_THE INPUT:_

BEGIN

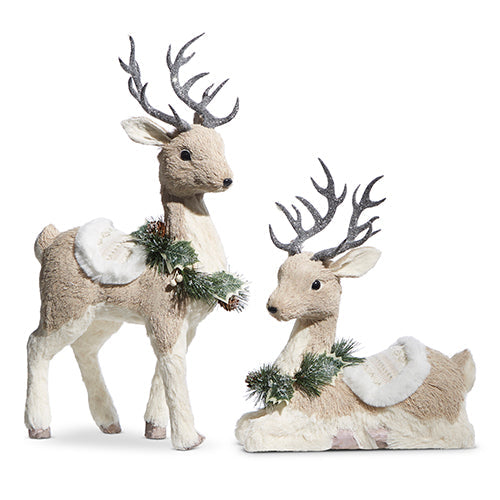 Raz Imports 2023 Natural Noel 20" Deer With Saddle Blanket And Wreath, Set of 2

END
BEGIN

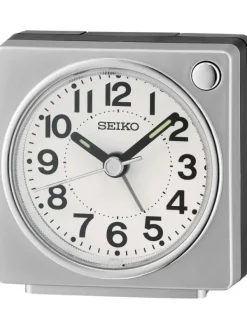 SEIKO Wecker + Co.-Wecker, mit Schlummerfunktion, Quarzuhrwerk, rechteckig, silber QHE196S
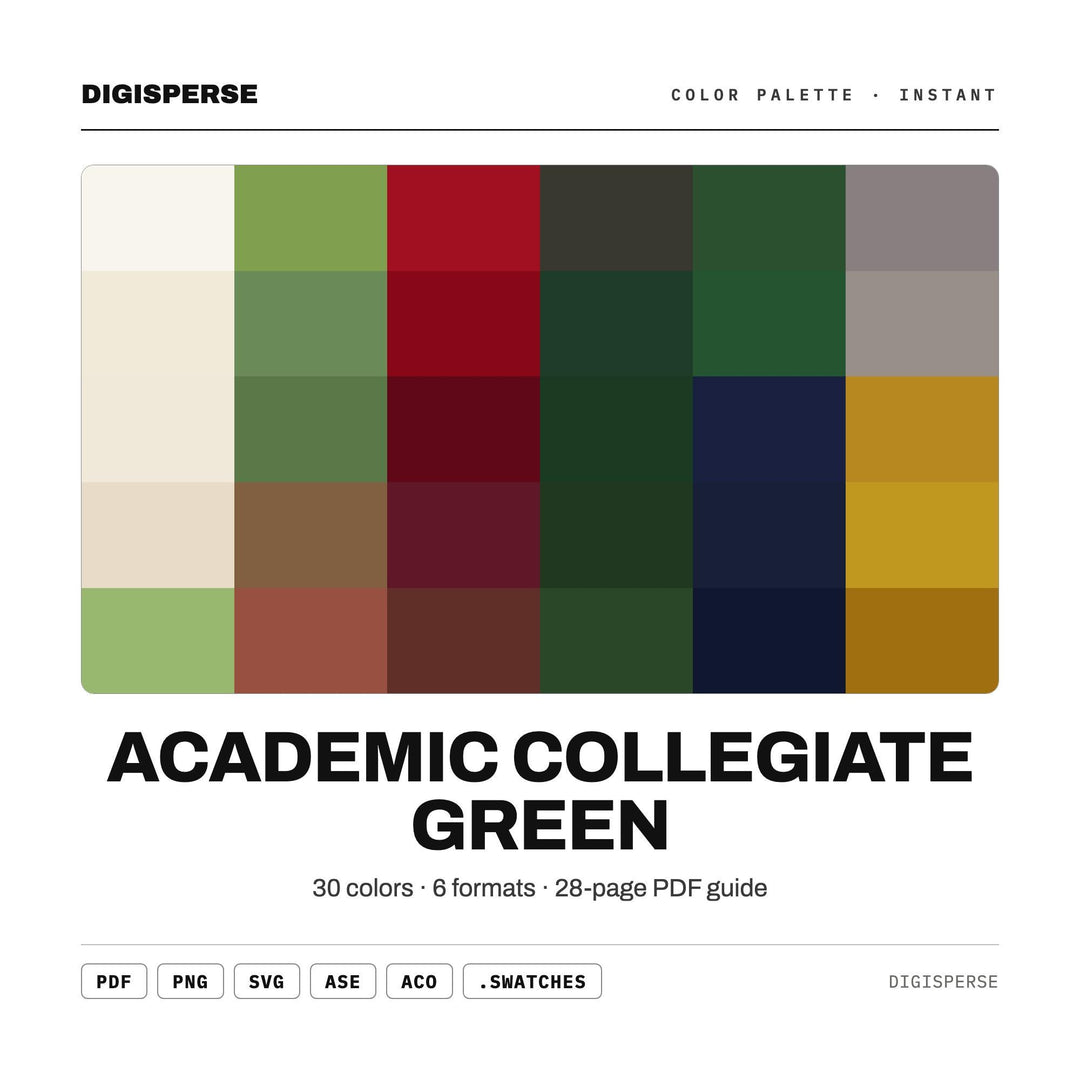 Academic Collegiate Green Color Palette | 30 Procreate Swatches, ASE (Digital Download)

END

_ASSIGNMENT:_
Starting with the line that has "SEIKO Wecker +" and going on through the line that has "Academic Collegiate Green", transcribe the records above exactly, but skip the pictures.

_RESPONSE:_
 SEIKO Wecker + Co.-Wecker, mit Schlummerfunktion, Quarzuhrwerk, rechteckig, silber QHE196S
 Academic Collegiate Green Color Palette | 30 Procreate Swatches, ASE (Digital Download)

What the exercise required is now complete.